Our standard on any splice enclosure is a minimum 25% spare capacity at time of initial splice. On a 96-fiber feeder where 72 fibers are active, that means at minimum 24 fibers are spliced through to spare pigtails, heat-shrink protected, and stored in a spare tray. The incremental cost of this at construction — probably $340 in additional splice labor and materials per closure — is trivially small compared to the cost of opening a buried closure, adding tray hardware, and re-entering the enclosure to add capacity when the network expands.

Future capacity also means physical space. Specify closures with at least two additional tray slot positions beyond what's needed for the initial build. For an inline aerial closure serving a single mid-span joint on a 144-fiber feeder, a 288-fiber dome closure with half the trays populated is the right answer — not a snug 144-fiber closure that's full from day one. The price difference on a single closure is $87. The cost of swapping it out in year four is a minimum $1,400 in truck rolls, labor, and traffic control.

Splice Point Spacing: Real Numbers From Real Builds

There's no universal rule for splice point spacing — it depends on plant type, terrain, fiber count, and access environment. But we can give you the ranges we actually use and why.

On aerial feeder plant in flat or rolling terrain, we typically target splice points every 2,000–4,500 feet along the feeder route.
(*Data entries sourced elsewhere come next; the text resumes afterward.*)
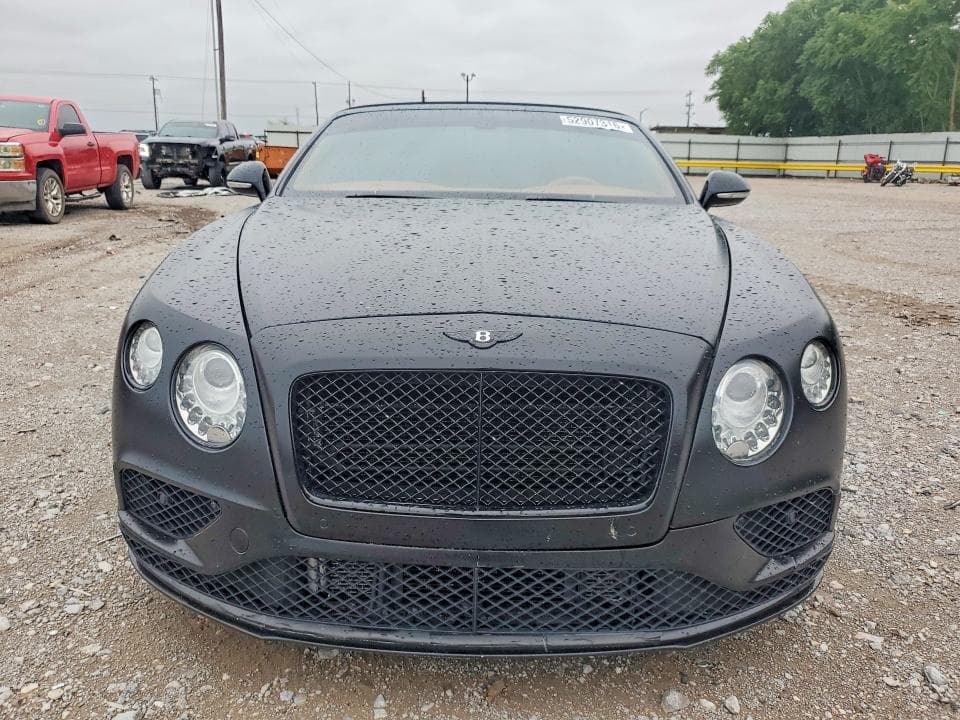 2016 BENTLEY CONTINENTAL GT V8 S GT V8 S 5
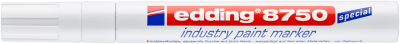 Marcador óleo Industrial Edding E-8750 blanco1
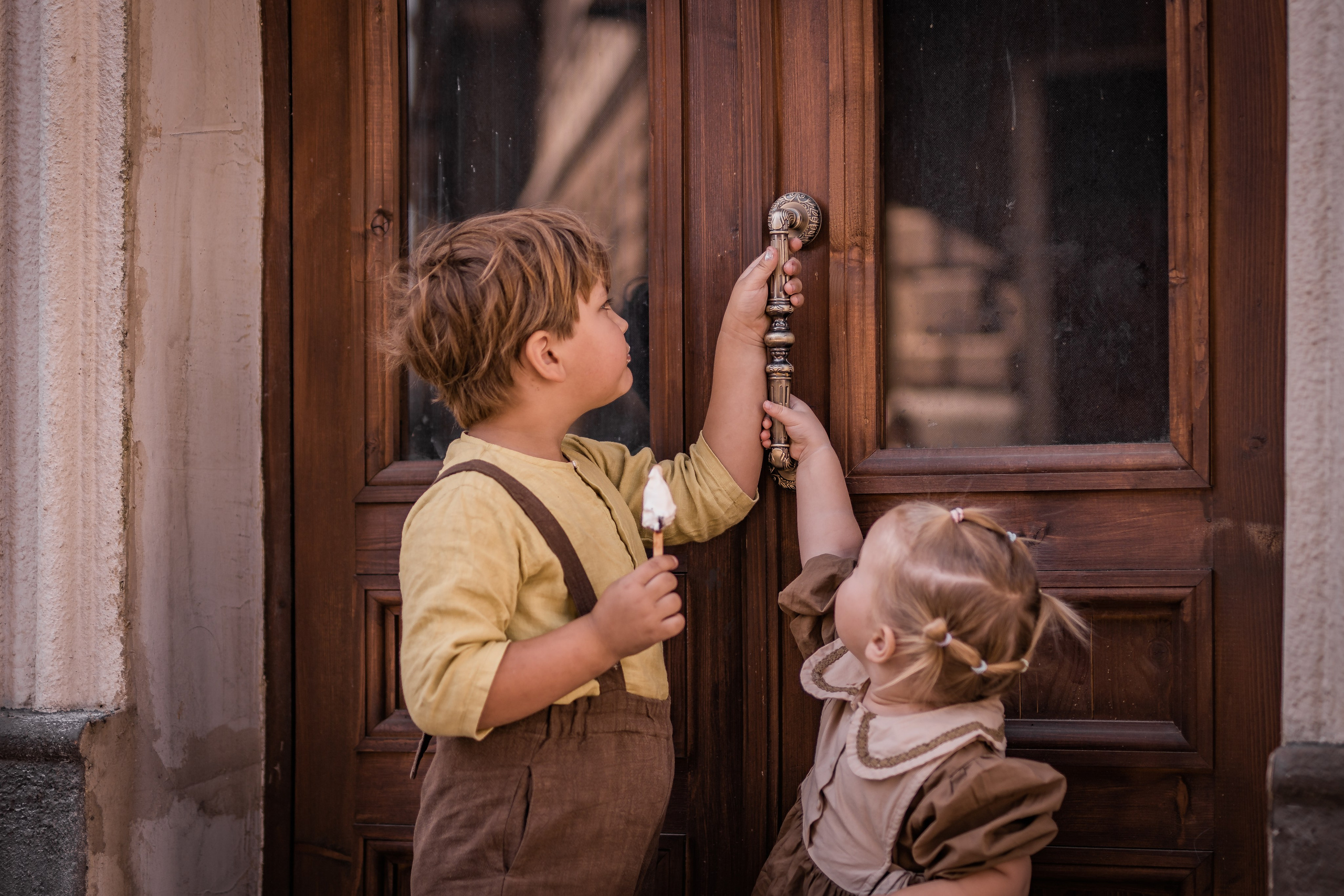 Киногород. Дети. Сентябрь. Семейный фотограф Ефремова Виктория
That's based on standard reel lengths (typically 3,000-foot reels for 144-fiber and above), pole spacing that allows for convenient access, and the goal of keeping individual cable segment handling weights reasonable for construction crews. In urban areas with dense pole spacing, you can push closer to 4,500 feet without losing practical access. In rural areas where pole spacing opens up to 300–400 feet between structures, 2,500 feet is often the limit before you're creating mid-span splice situations.

Underground feeder runs in conduit give you more flexibility because you're not constrained by pole spacing — but you're constrained by pull distance. For a 2-inch HDPE conduit with standard 144-fiber armored cable, maximum pull lengths without intermediate pull boxes run approximately 800–1,200 feet in straight conduit, significantly less on curved routes. Splice vaults at pull points are a construction necessity regardless of optical budget, so the question becomes whether those pull-point vaults are also optimally located for optical access or just for construction convenience.

On distribution plant — the cable segments between the FDH and the NAPs — splice point spacing is usually determined by NAP serving radius rather than cable segment logic. We try to keep distribution cable segments at 1,500 feet or under between FDH and the furthest NAP, which limits splice count to one or two per distribution branch and keeps distribution splice losses well within budget even on tight optical plans.

Access Requirements Your LLD Documentation Must Specify

This is the part that gets skipped. An LLD splice plan that shows splice point locations without specifying access method is an incomplete document — and construction estimators know it. They'll build in contingency for access unknowns, and that contingency is always higher than the actual cost of doing the access work properly if it had been designed upfront.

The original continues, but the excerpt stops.